Personne, à n’en pas douter, n’est prêt à aller à l’essentiel, à regarder la réalité en face. Orly devrait être «déplafonné» mais strictement réservé aux vols court-courriers et il conviendrait d’envisager de toute urgence la deuxième grande plate-forme capable de compléter CDG. Le trafic aérien double tous les 15 ans et, même dans l’hypothèse d’un ralentissement progressif de cette croissance, en Europe tout au moins, de nouvelles pistes devront être construites, qui plus est entourées d’infrastructures adéquates. En cette matière, l’Ile-de-France a accumulé les manquements et les échecs : par exemple, on attend toujours «CDG Express», liaison directe entre la gare de l’Est et l’aéroport, les voyageurs qui renoncent au taxi et cherchent à éviter les inextricables embarras de l’autoroute A1 étant livrés sans scrupules aux sauvageons du RER. Peut-être devrait-on exhumer l’Aérotrain de Bertin, ou tout au moins s’en inspirer, étudier à nouveau les mérites de Vatry, trop loin de la capitale, certes, mais susceptible de jouer les seconds rôles.

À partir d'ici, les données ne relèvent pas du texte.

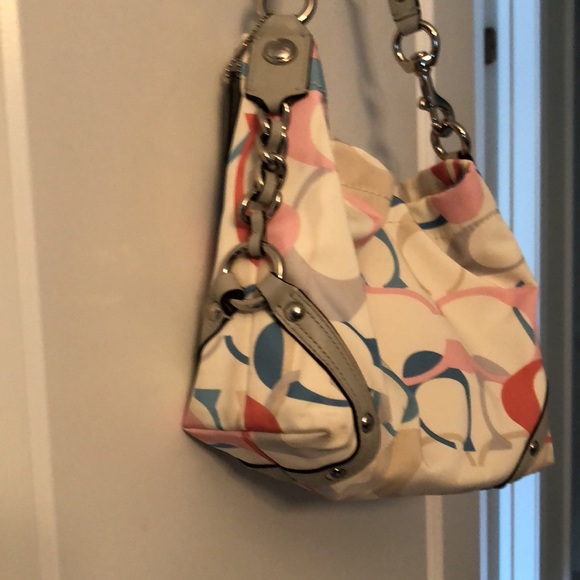 Small hobo coach purse white with many summer colors - Picture 3 of 6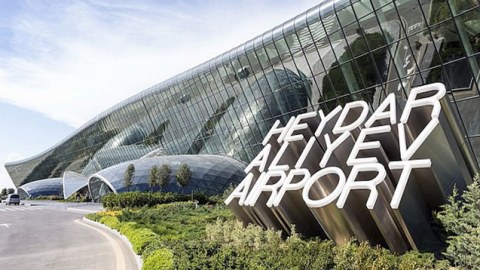 Aeroportda polisə müqavimət göstərən sürücü həbs edildi
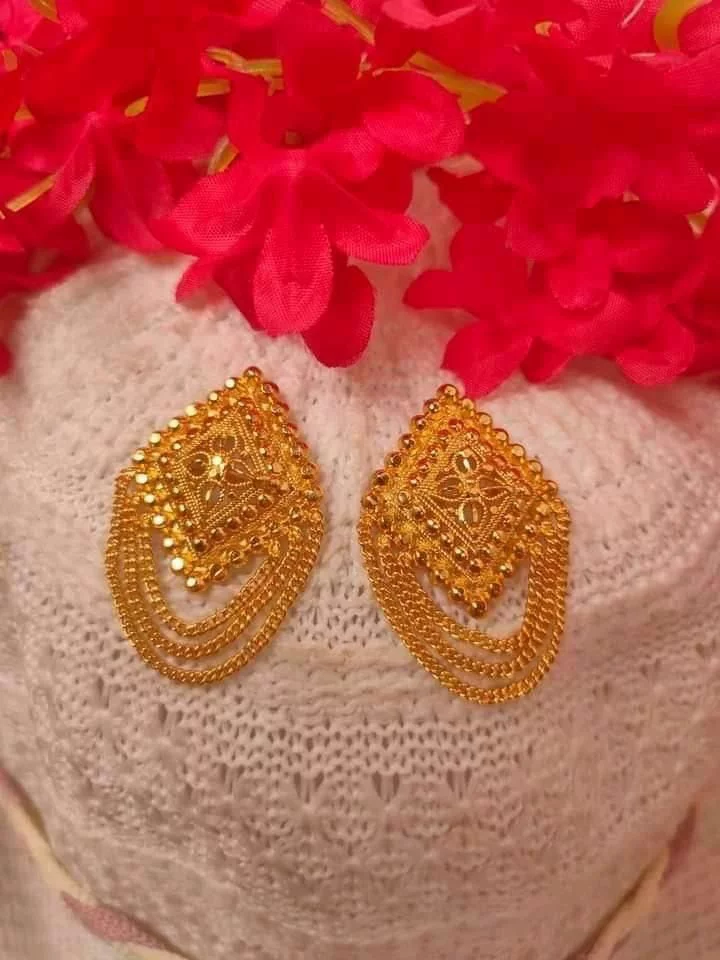 chain tops earrings
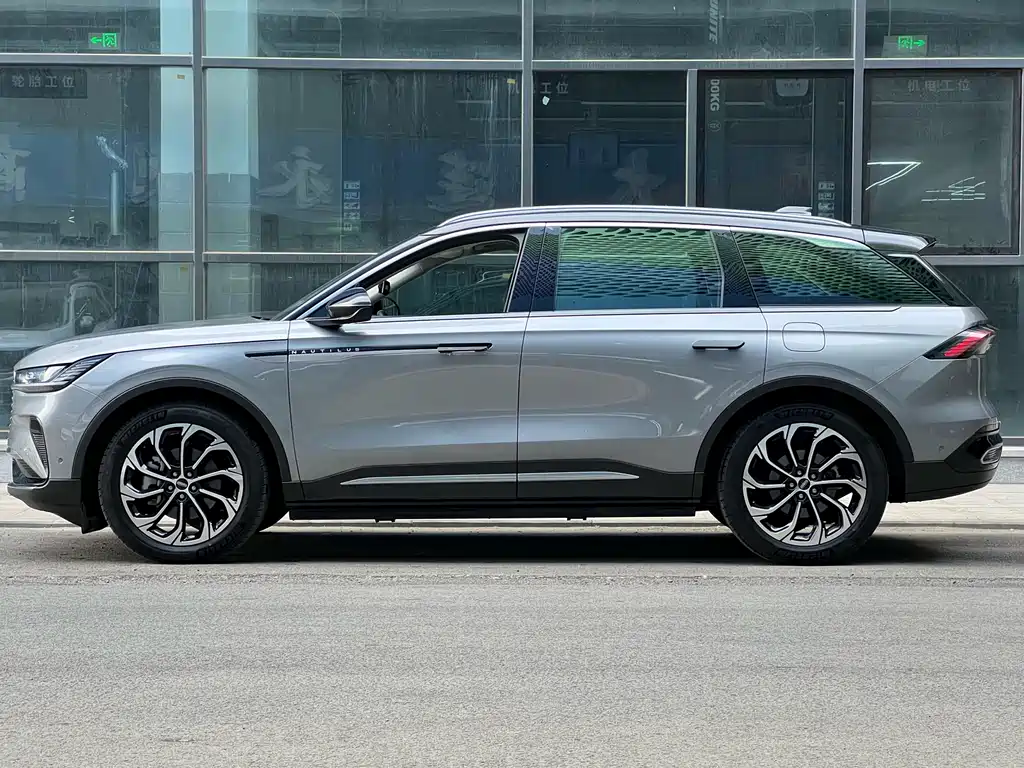 Voyager 2023 2.0T four-wheel drive Zunrui version купить на сайте DeffCars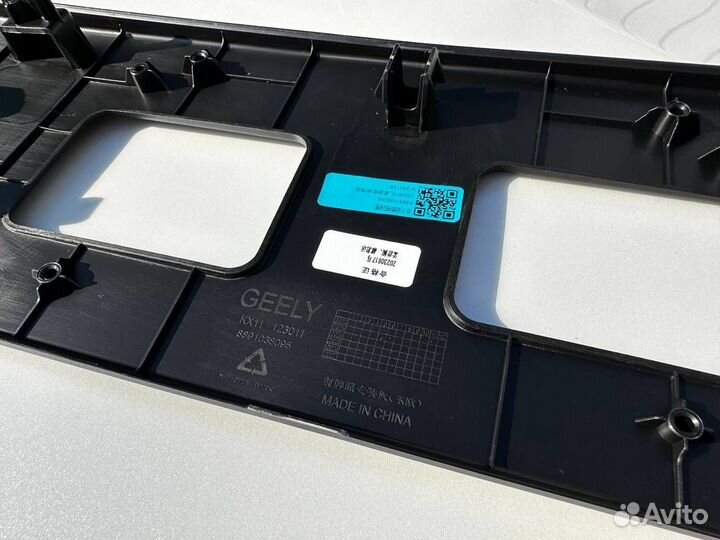 Подиум номерного знака РФ Geely Monjaro Манжаро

Le constat est malheureusement inchangé : c’est l’imagination qui fait défaut, tout autant que le bon sens et l’audace. A moins que Nathalie Kosciusko-Morizet, d’ores et déjà candidate à l’élection présidentielle de 2017, nous démontre qu’elle est capable de sortir le dossier de l’ornière. Après tout, il n’est pas interdit de rêver.